Lachend folgt er mir und schaut sich kurz um, bevor er mir mit einem Nicken das Okay gibt, aus dem Haus zu kommen. Blitzschnell setze ich mich in den Wagen, dessen Tür er bereits für mich offen hält. Wenige Sekunden später sitzt auch er im Wagen und dreht den Zündschlüssel. Als wir genau zwei Mal rechts abgebogen sind, hält er an unserem Haus und stellt den Motor wieder ab. Langsam öffne ich die Tür und steige aus dem Wagen. In normaler Geschwindigkeit laufe ich zur Haustür und stecke den Schlüssel, den ich während meines Zusammentreffens mit Louis zum Glück nicht verloren hatte, in das Alte Schloss. Mit einem knarrenden Geräusch öffnet sich die schwere Haustür und ich betrete mit leisen Schritten den Flur. Als ich bemerke, dass Jake noch immer draußen steht, schaue ich ihn verdattert an.
»Was ist los? Na komm schon rein.« lache ich und schüttele den Kopf. »Ich wollte nicht unhöflich sein.

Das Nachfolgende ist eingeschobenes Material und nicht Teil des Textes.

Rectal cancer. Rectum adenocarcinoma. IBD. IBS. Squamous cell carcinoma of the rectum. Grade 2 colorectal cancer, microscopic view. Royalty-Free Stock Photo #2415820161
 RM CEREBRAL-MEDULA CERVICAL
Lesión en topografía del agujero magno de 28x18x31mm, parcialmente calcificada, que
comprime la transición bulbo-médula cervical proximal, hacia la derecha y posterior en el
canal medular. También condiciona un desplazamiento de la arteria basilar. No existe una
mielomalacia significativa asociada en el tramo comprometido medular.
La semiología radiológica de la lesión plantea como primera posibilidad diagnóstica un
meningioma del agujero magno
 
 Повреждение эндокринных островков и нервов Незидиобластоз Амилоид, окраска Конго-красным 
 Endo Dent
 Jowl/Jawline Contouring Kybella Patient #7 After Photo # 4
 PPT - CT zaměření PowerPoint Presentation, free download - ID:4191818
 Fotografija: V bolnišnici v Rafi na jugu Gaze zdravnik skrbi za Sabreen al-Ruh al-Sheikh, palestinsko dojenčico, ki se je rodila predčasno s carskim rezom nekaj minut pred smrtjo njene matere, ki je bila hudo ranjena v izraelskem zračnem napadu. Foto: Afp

Vielleicht ist es deinen Eltern unangenehm, wenn jemand fremdes in ihrem Haus ist.« erklärt er ruhig und zuckt mit den Achseln.
»Nein, das ist völlig in Ordnung.« sage ich und schließe die Tür hinter uns.
»Du kannst dich ruhig umsehen.« schlage ich ihm vor und schlüpfe aus meinen Schuhen, um mir endlich eine Hose anzuziehen. Er lächelt und dreht sich um, um das Wohnzimmer zu betreten. Während ich meine Unterwäsche gewechselt habe und langsam eine blaue Jeans aus dem Schrank nehme, steht er plötzlich wieder neben mir.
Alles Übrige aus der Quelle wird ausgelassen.